Mr. Goulden and I left the square arm in arm, crying, “
Vive l’Empereur!
” also, and as at each discharge of cannon the flash lighted up the square, in one of them we saw Catherine, who was coming to meet us with old Madelon Schouler. She had put on her little cloak and hood, protecting her rosy little nose from the mist, and she exclaimed, on seeing us:

“There they are, Madelon! The Emperor is master, is he not, Mr. Goulden?”

“Yes, my child,” he replied, “it is decided.”

Catherine took my arm, and I kissed her two or three times as we were going home. Perhaps I felt that we should soon be forced to part, and that then, it would be long before I should kiss her again. Father Goulden and Madelon were before us, and he said:

“Come up, Madelon; I want to drink a good glass of wine with you.” But she declined, and left us at the door. I can only say that the joy of the people was as great as on the return of Louis XVIII., and perhaps still greater.

Father Goulden took off his cloak and sat down in his place at table, as supper was waiting. Catherine ran down to the cellar and brought up a bottle of good wine, we laughed and drank while the cannon made our windows rattle. Sometimes people’s heads are turned, even those who love nothing but peace. So the sound of the cannon made us happy, and we went back in a measure to our old habits.

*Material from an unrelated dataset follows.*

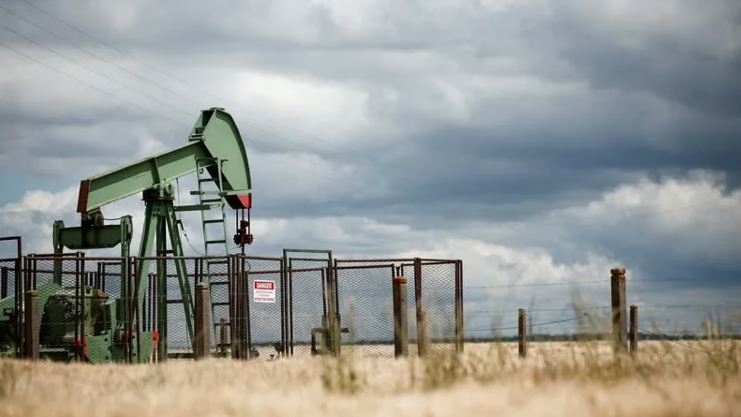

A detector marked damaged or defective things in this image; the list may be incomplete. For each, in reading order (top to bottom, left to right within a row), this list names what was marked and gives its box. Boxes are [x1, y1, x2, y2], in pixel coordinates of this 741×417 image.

“The commandant,” said Mr. Goulden, “spoke well, but he might have kept on till to-morrow with his victories, commencing with Valmy, Hundschott, Wattignies, Fleurus, Neuwied, Ukerath, Fröeschwiller, Geisberg, to Zurich and Hohenlinden. These were also great victories, and even the most splendid of all, for they preserved liberty. He only spoke of the last ones, that was enough for the moment. Let those people come! let them dare to move! The nation wants peace, but if the allies commence war woe be unto them. Now we shall again talk of liberty, equality, and fraternity. All France will be roused by it, I warn you beforehand. There will be a national guard, and the old men like me and the married men will defend the towns, while the younger ones will march, but no one will cross the frontiers. The Emperor, taught by experience, will arm the artisans, the peasants, and the bourgeoisie, and when we are attacked, even if they are a million, not one shall escape. The day for soldiers is past, regular armies are for conquest, but a people who can defend themselves do not fear the best armies in the world. We proved that to the Prussians and Austrians, to the English and the Russians from 1792 to 1800, and since then the Spaniards have shown us the same thing, and even before that, the Americans demonstrated it to the English. The Emperor will speak to us of liberty, be sure of that; and if he will send his proclamations into Germany, many Germans will be with us; they were promised liberty in order to make them rise against France, and now the sovereigns in conference at Vienna mock at their own promises. Their plan is fixed. They divide the people among themselves as they would a flock of sheep. Those who have good sense will unite, and in that way peace will be established by force. The kings alone have any interest in war, the people do not need to conquer themselves, provided that they arrange for the freedom of commerce, that is the principal thing.”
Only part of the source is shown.